= Henricus Christophorus Christianus Wegener =

Henricus Christophorus Christianus Wegener (1757-1799) was a lawyer from Wismar, Germany, working for the Dutch colonial authorities in the Dutch East Indies in the years following the French Revolution. He was from a Lutheran family.
Henricus represented post-revolutionary Holland, and was at odds with the Dutch colonials in the Indies.

== Life experiences ==
Sources written 100 years later describe the tumultuous battles between Henricus and the colonials. He was sent away from Batavia by the colonials, only to return with higher powers. Some sort of physical altercation in Batavia forced him at last to flee the town and seek refuge with friends in nearby Tangerang. From there he was sent home one final time on the Holger Danske - a Danish merchant ship trading between Europe and the Indies, owned by Frédéric de Coninck and captained by one Capt. Smit. On the final journey home, the ship got into a storm at the Cape and its rudder was damaged. Rather than seeking refuge at the Cape the ship turned East and North again and entered the waters near Mozambique where it was eventually seized by the British. The reason the ship did not seek shelter at the British-occupied Cape, and the reason it was ultimately seized were the so-called English Wars (Scandinavia) and the then common practise of the British Navy to seize non-ally ships that sailed, or were suspected of sailing, goods for the French. The ship's logbook shows that prior to the seizure several people left the ship to go ashore - among these were Wegener. Family letters recount that Wegener somehow died and his body was found on the shore of Mozambique.
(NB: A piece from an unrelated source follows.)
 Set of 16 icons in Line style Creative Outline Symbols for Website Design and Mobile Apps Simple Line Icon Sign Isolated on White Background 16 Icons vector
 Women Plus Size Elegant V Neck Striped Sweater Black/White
== Important life details ==
He had sent his two daughters, Wilhelmine and Henriette, to a boarding school in Denmark.

Near 1900 - a hundred years after Henricus' death - it is evident that he was still considered an important figure in the struggle between royalists and revolutionaries. It is evident from the sources that the nature of the conflict between Henricus and the colonial citizens in Batavia had to do with individuals' rights and freedoms.

Descendants of Henricus' daughter Henriette include Prof. Andreas Thejll :da:Andreas Thejll.

A pastel miniature by Charles H. Hodges of Henricus hangs at the Museum of National History at Frederiksborg castle, Denmark.

Sources also include privately held letters and an account of one of Henricus' children.